LA LEGGE DELLE TOGHE (SE LA LEGGE NON C’È)
Con due decreti il tribunale per i minori di Firenze ieri ha detto sì all’adozione di due bambini da parte di due coppie gay. Una decisione senza precedenti che segna la storia del diritto nel nostro Paese. Una coppia, formata da due fiorentini, vive a Londra; l’altra, formata da un americano e da un italoamericano, vive a New York. Si tratta dunque di ragazzi che vivono all’estero, ma che per l’Italia erano, in quanto figli, dei fantasmi. Come dire che entro i confini italiani non potevano essere tutelati come componenti della loro famiglia. Una realtà che i giudici fiorentini hanno voluto tutelare sul piano giuridico, in nome — prima di tutto — dei diritti dei due bambini. Dietro ogni sentenza che riguarda un minore c’è sempre, o quasi, un aspetto drammatico dell’esistenza. Vite in carne e ossa che meritano, di per sé, la massima considerazione. Di più: impongono il dovere di immedesimarsi, di farsi idealmente carico dello stesso problema. E se così, ieri, si è garantito a due ragazzi un futuro meno controverso non c’è che da gioirne.

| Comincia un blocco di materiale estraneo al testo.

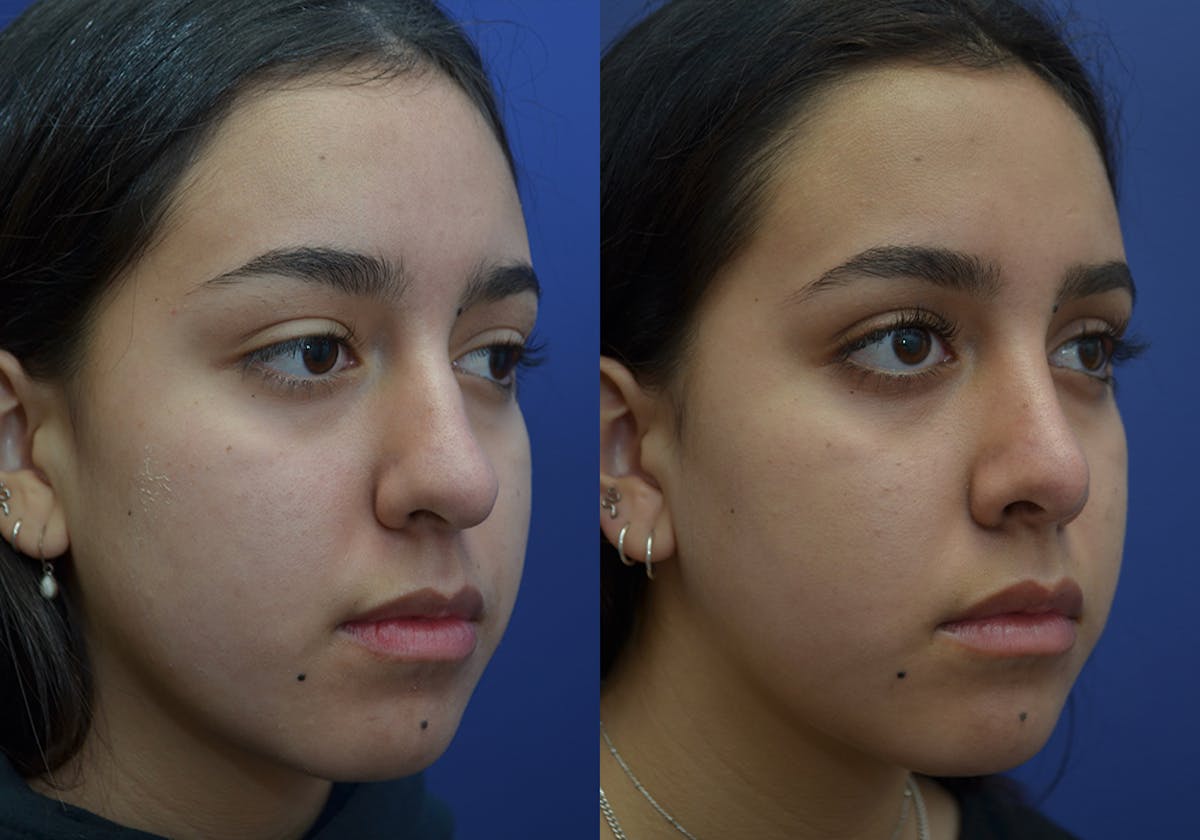 Rhinoplasty Before & After Gallery - Patient 740112 - Image 3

Eppure non basta per non provare sconcerto per un passo (un altro passo) della magistratura in un campo che dovrebbe essere presidiato, e limitato, dalla politica. Da quella legge che la magistratura è chiamata, secondo la Costituzione, a far rispettare. Solo alcuni mesi fa il Parlamento ha varato la legge sulle unioni civili delle coppie omosessuali. Un risultato di civiltà che è stato colto dopo un duro scontro sulla «stepchild adoption», e cioè la possibilità della coppia di adottare il figlio biologico di uno dei partner. Possibilità che le Camere non hanno concesso per il timore di aprire un varco alla pratica dell’utero in affitto, e cioè la possibilità di ottenere un figlio facendolo partorire all’estero da una donna che concede il proprio utero per la gestazione. Un caso diverso da quello dei due bambini di ieri, regolarmente adottati dalle due coppie secondo la legge dei due Paesi in cui abitano. Ma è una nuova dimostrazione che quel passo fondamentale fatto dal Parlamento italiano non è sufficiente per chiudere la partita. Servirebbe riaprire un confronto serio tra i legislatori (di ogni parte politica) sul da farsi. Alzi una mano chi ci crede. Se va bene, vedremo alzarsi nuove barricate. Con i magistrati, sullo sfondo, a sfornare sentenze che sembrano leggi.